I tie my braided leather belt around my waist, put on the same sunglasses from Monday to illustrate my blindness, and head to the kitchen where I am fairly sure I can find a knife large enough to pass as a sword. The knives are all small and need to be sharpened. I sit on the couch, defeated and wonder how Hannibal did the impossible.
Brady comes into the living room where I have been moping and plotting for most of the evening. He’s crying. I ask what the problem is, and he tells me he has lost his shoe. He’s wearing the other one, which is blue and has two Velcro straps. We feel sorry for each other for awhile. He tells me he likes my outfit, I promise to find his shoe.

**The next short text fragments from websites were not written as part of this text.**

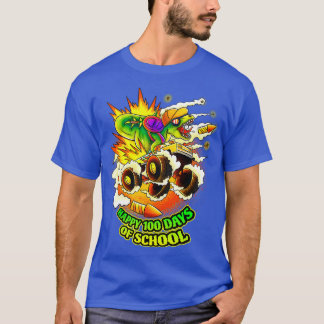 happy 100 days of school dinosaur monster truck 10 T-Shirt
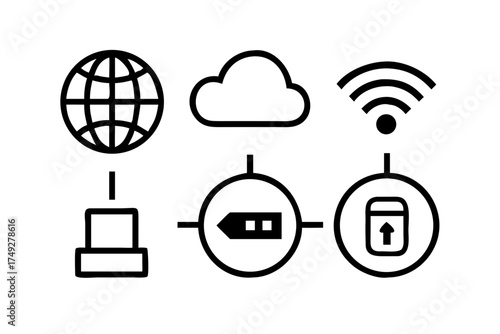 Networking and cloud computing icons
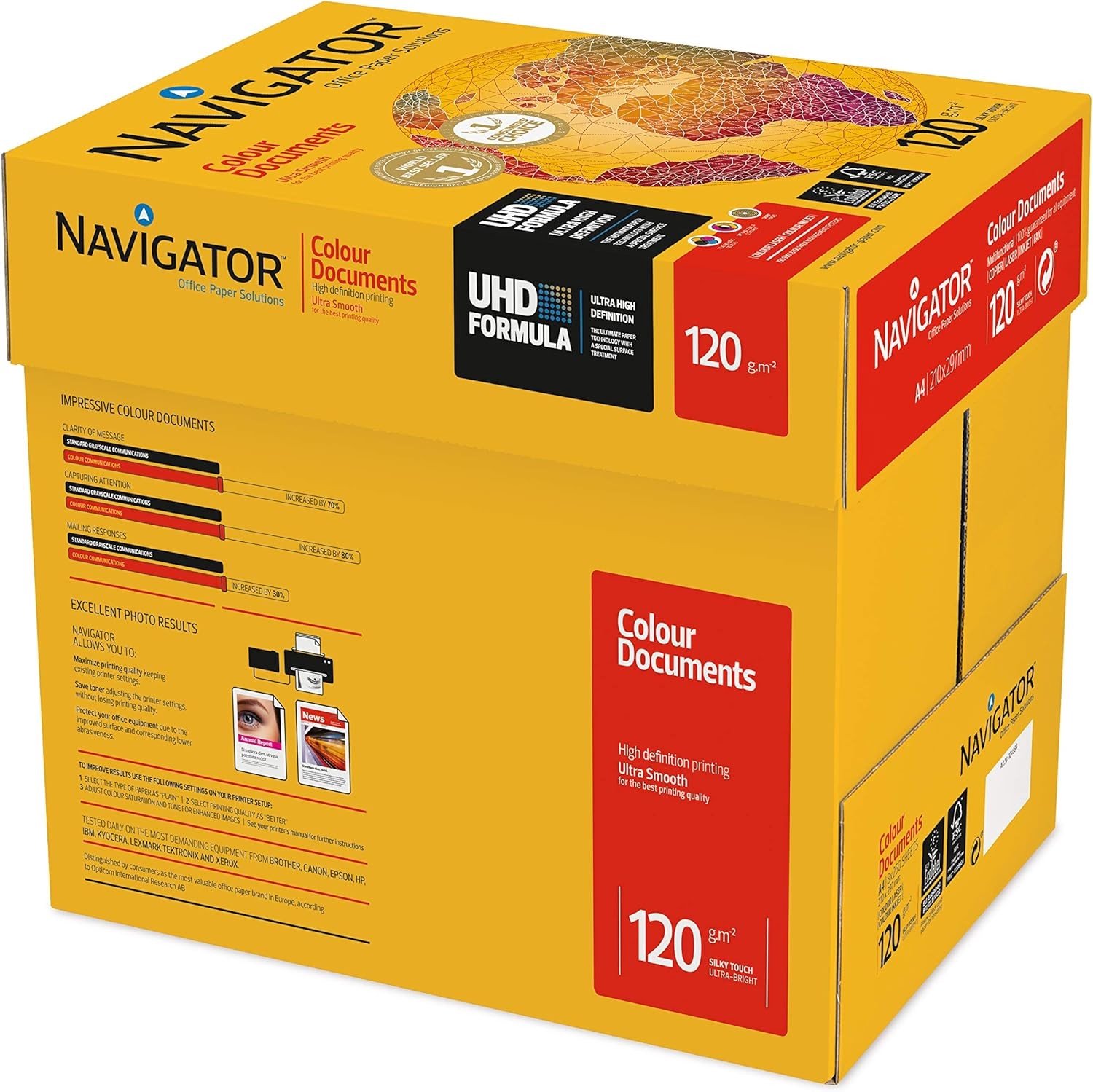 Papier A4 - Wit - 8 x 250 vellen - 120 g/m² - Voor Inkjet en Laserprinters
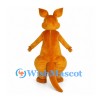 Orange Kangaroo Mascot Costume with Cream Belly and Large Pouch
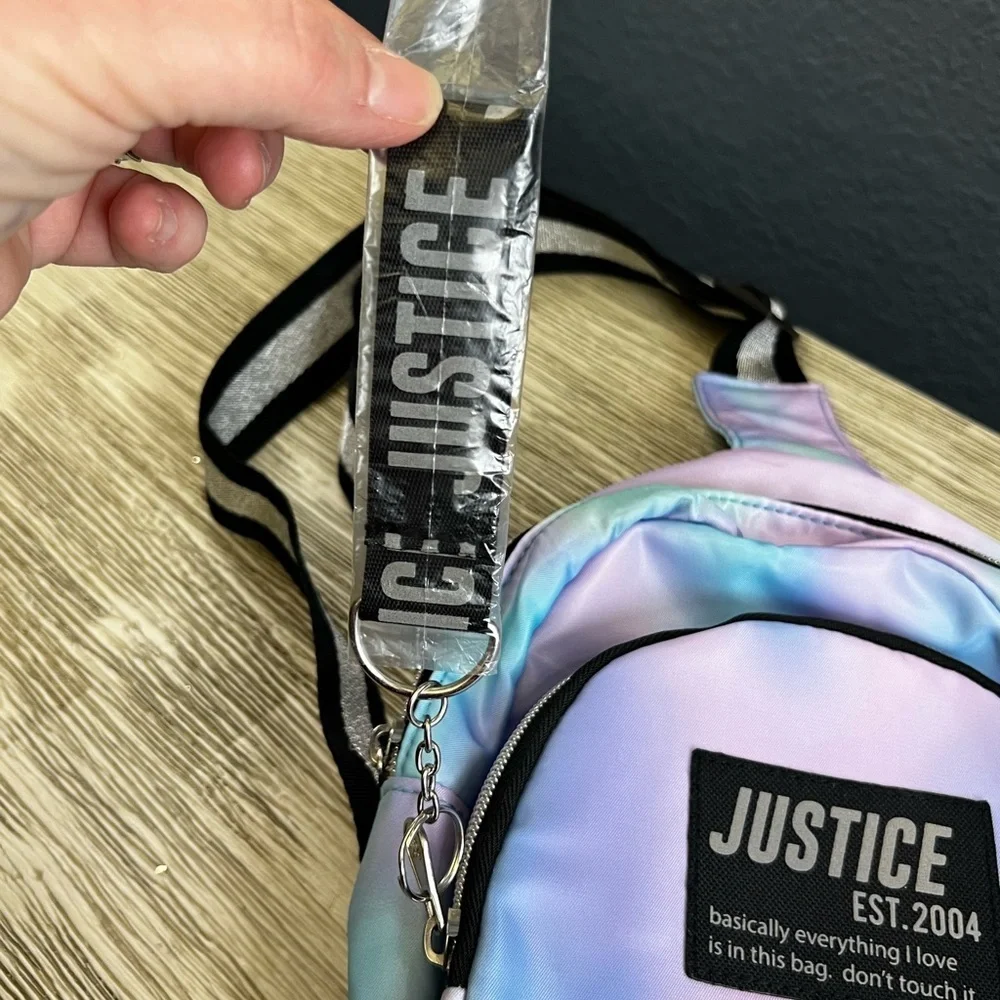 🆕 Justice Tie Dye Mini Sling Backpack with Black Accents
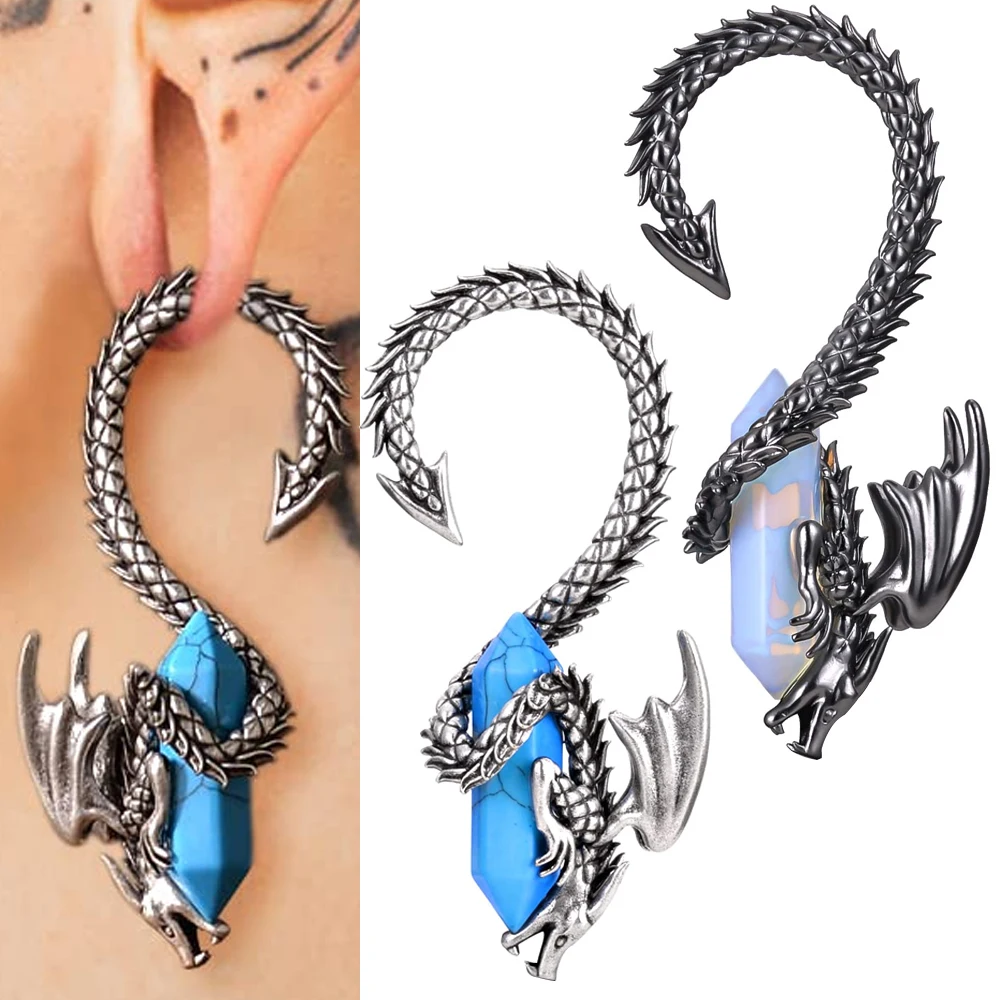 1PC Copper Dragon Entangled Stone Ear Weights Hangers For Stretched Ears Gauges Ear Plugs Tunnels Body Piercing Jewelry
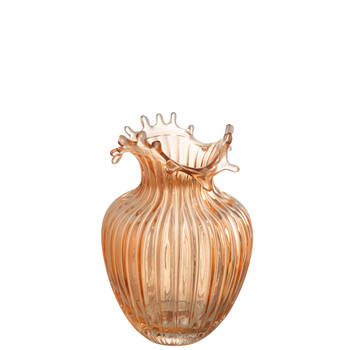 J-line - Vaas Bloem Lijnen Glas Oranje Small - 14.5x14.5x21cm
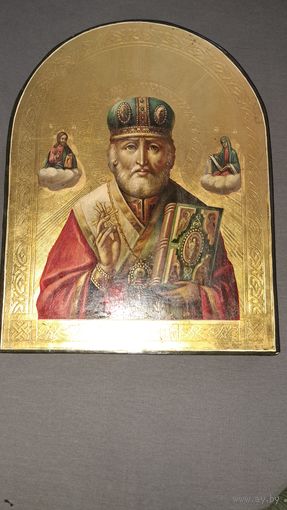 Красивая икона 19 век. Сусальное золото.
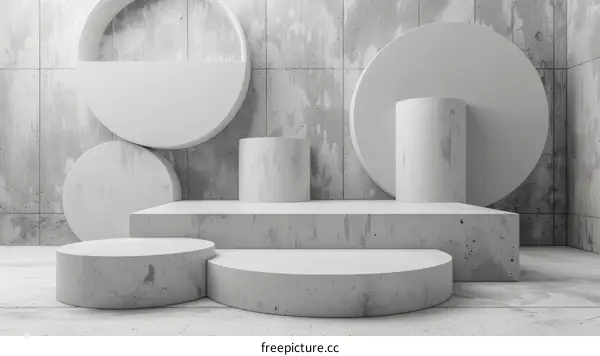 3D Concrete Room with Podiums and Shapes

“It’s late, Dad,” he says. “We can look for it tomorrow.”
When I started college, back before Charlotte and I met and I still thought I would never get married or have children, I smoked a pipe. It was mother’s suggestion mostly. She said it looked distinguished. I wonder what she’d say now.
I get up early to keep my promise to Brady and find his shoe. This is also part of the deal I think as I’m getting out of the shower. I’ve got to hold up my half of agreements.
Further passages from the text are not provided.